RE: Excessive ZooKeeper load

Posted by Zhen Zhang <zz...@linkedin.com>.

Hi Varun, for the batching update. Helix controller is not updating external view on every update. Normally Helix controller will aggregate updates during a period of time. Say for 100 partitions, if they are updated roughly as the same time, then Helix controller will update external view only once. For routing table, what do you mean by ignoring delete events? RoutingTable will always be updated by ZK callbacks and sync up with the corresponding external views on ZK.

Thanks,
Jason

________________________________
From: Varun Sharma [varun@pinterest.com]
Sent: Thursday, February 05, 2015 9:17 PM
To: user@helix.apache.org
Subject: Re: Excessive ZooKeeper load

One more question for the routing table provider - is it possible to distinguish b/w add/modify and delete - I essentially want to ignore the delete events - can that be found by looking at the list of ExternalView(s) being passed ?

Thanks
Varun

On Thu, Feb 5, 2015 at 8:48 PM, Varun Sharma <va...@pinterest.com>> wrote:
I see - one more thing - there was talk of a batching mode where Helix can batch updates - can it batch multiple updates  to the external view and write once into zookeeper instead of writing for every update. For example, consider the case when lots of partitions are being onlined - if we could batch updates to the external view into batches of 100 ? Is that supported in Helix 0.6.4

Thanks !
Varun

On Thu, Feb 5, 2015 at 5:23 PM, Zhen Zhang <zz...@linkedin.com>> wrote:
Yes. the listener will be notified on add/delete/modify.
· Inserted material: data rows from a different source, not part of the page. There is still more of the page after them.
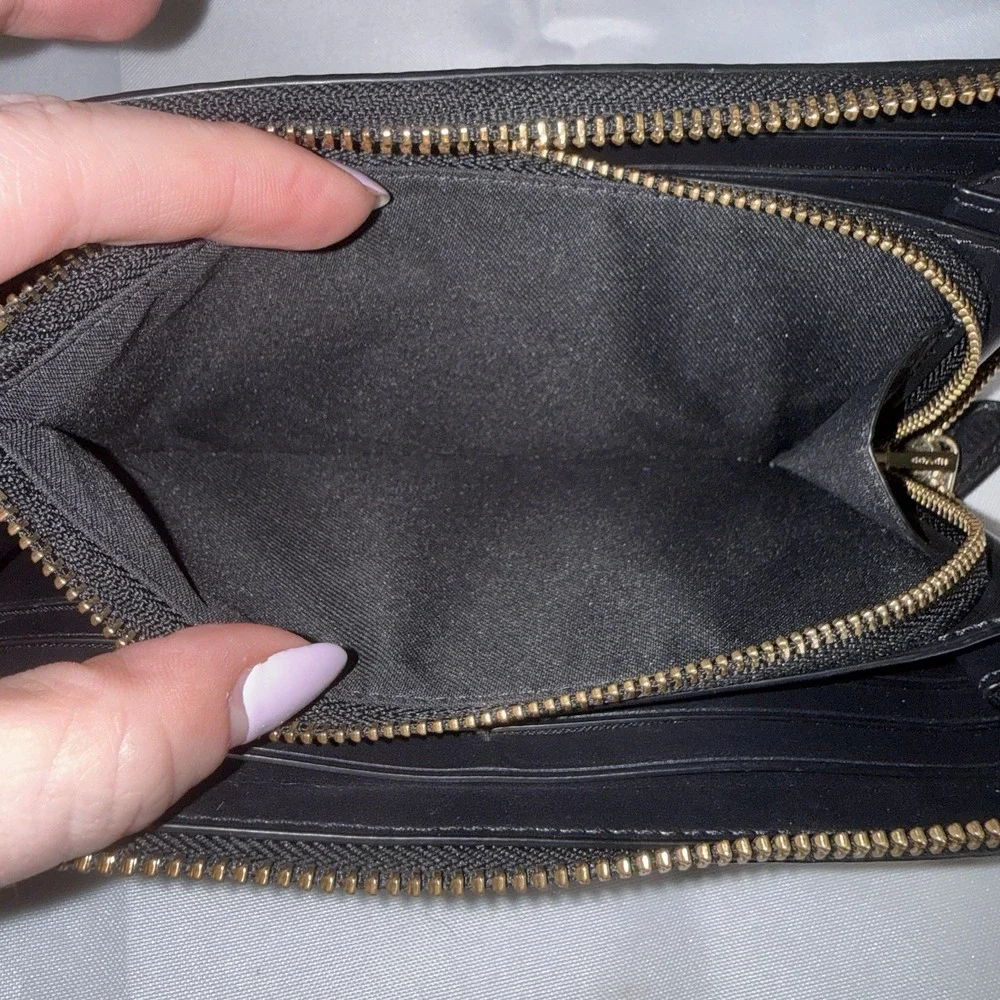 Coach Zip-Around Black Pebbled Leather Gold Wallet Wristlet Card Holder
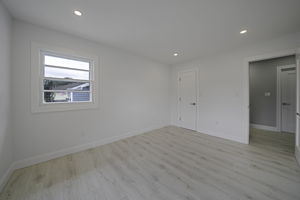  Photo 36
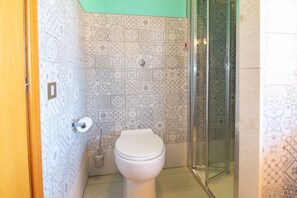 Douche, bidet, serviettes fournies, shampoing
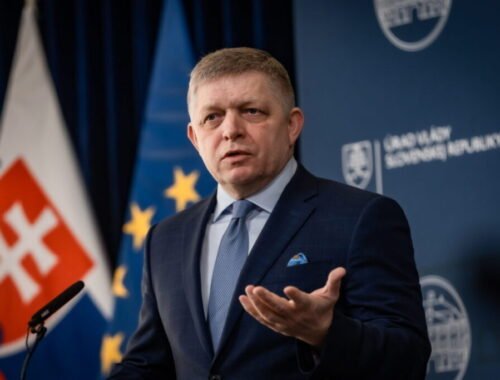 Fico ťahá Slovensko gréckou cestou, najhorší rating za posledných 20 rokov je dôkazom zlyhania vlády – VIDEO, FOTO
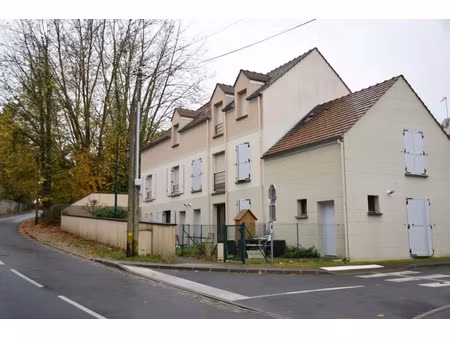 location meublée appartement 2 pièces 40 m² à maffliers (95560)  850 €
You can distinguish if you have a local cache and compare to get the delta. Currently the API doesn't expose this.

________________________________
From: Varun Sharma [varun@pinterest.com<ma...@pinterest.com>]
Sent: Thursday, February 05, 2015 1:53 PM

To: user@helix.apache.org<ma...@helix.apache.org>
Subject: Re: Excessive ZooKeeper load

I assume that it also gets called when external views get modified ? How can i distinguish if there was an Add, a modify or a delete ?

Thanks
Varun

On Thu, Feb 5, 2015 at 9:27 AM, Zhen Zhang <zz...@linkedin.com>> wrote:
Yes. It will get invoked when external views are added or deleted.
________________________________
From: Varun Sharma [varun@pinterest.com<ma...@pinterest.com>]
Sent: Thursday, February 05, 2015 1:27 AM

To: user@helix.apache.org<ma...@helix.apache.org>
Subject: Re: Excessive ZooKeeper load

I had another question - does the RoutingTableProvider onExternalViewChange call get invoked when a resource gets deleted (and hence its external view znode) ?
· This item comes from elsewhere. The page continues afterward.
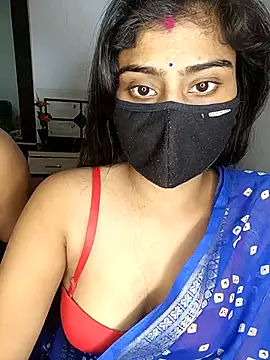 Love-N online show from November 13, 2025, 5:23 pm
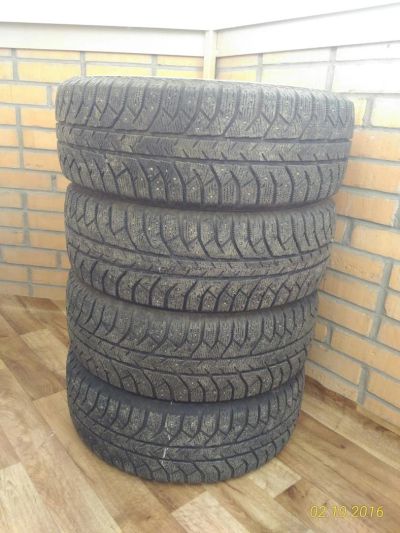 Лот: 8268844. Фото: 1. Шипованные шины Bridgestone Ice... Шины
On Wed, Feb 4, 2015 at 10:54 PM, Zhen Zhang <zz...@linkedin.com>> wrote:
Yes. I think we did this in the incubating stage or even before. It's probably in a separate branch for some performance evaluation.
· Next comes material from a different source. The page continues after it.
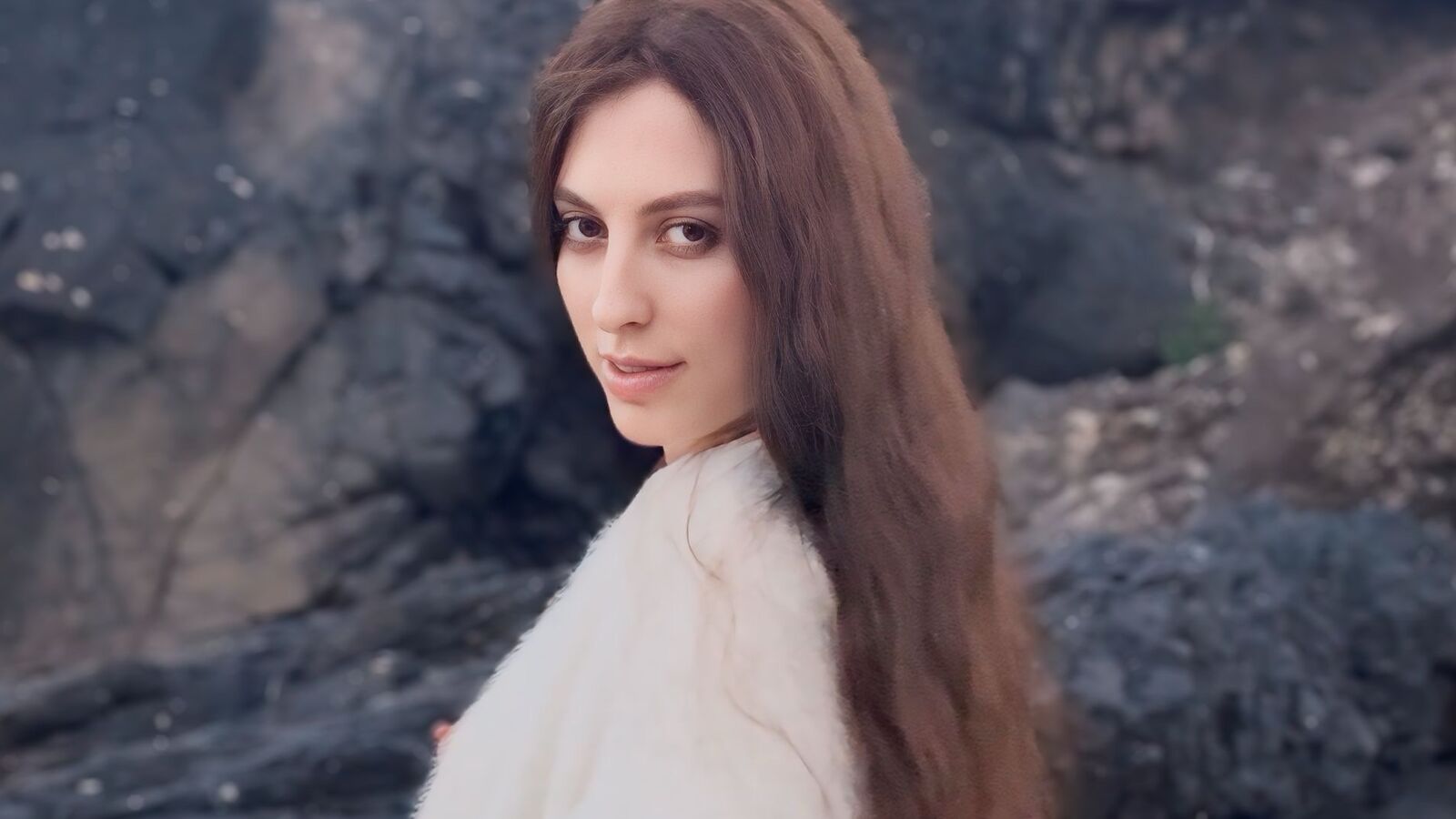 MiaEstrellas erotic portrait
________________________________
From: kishore g [g.kishore@gmail.com<ma...@gmail.com>]
Sent: Wednesday, February 04, 2015 9:54 PM

To: user@helix.apache.org<ma...@helix.apache.org>
Subject: Re: Excessive ZooKeeper load

Jason, I remember having the ability to compress/decompress and  before we added the support to bucketize, compression was used to support large number of partitions. However I dont see the code anywhere. Did we do this on a separate branch?

thanks,
Kishore G

On Wed, Feb 4, 2015 at 3:30 PM, Zhen Zhang <zz...@linkedin.com>> wrote:
Hi Varun, we can certainly add compression and have a config for turning it on/off. We do have implemented compression in our own zkclient before. The issue for compression might be:
1) cpu consumption on controller will increase.
2) hard to debug

Thanks,
Jason
________________________________
From: kishore g [g.kishore@gmail.com<ma...@gmail.com>]
Sent: Wednesday, February 04, 2015 3:08 PM

To: user@helix.apache.org<ma...@helix.apache.org>
Subject: Re: Excessive ZooKeeper load

we do have the ability to compress the data. I am not sure if there is a easy way to turn on/off the compression.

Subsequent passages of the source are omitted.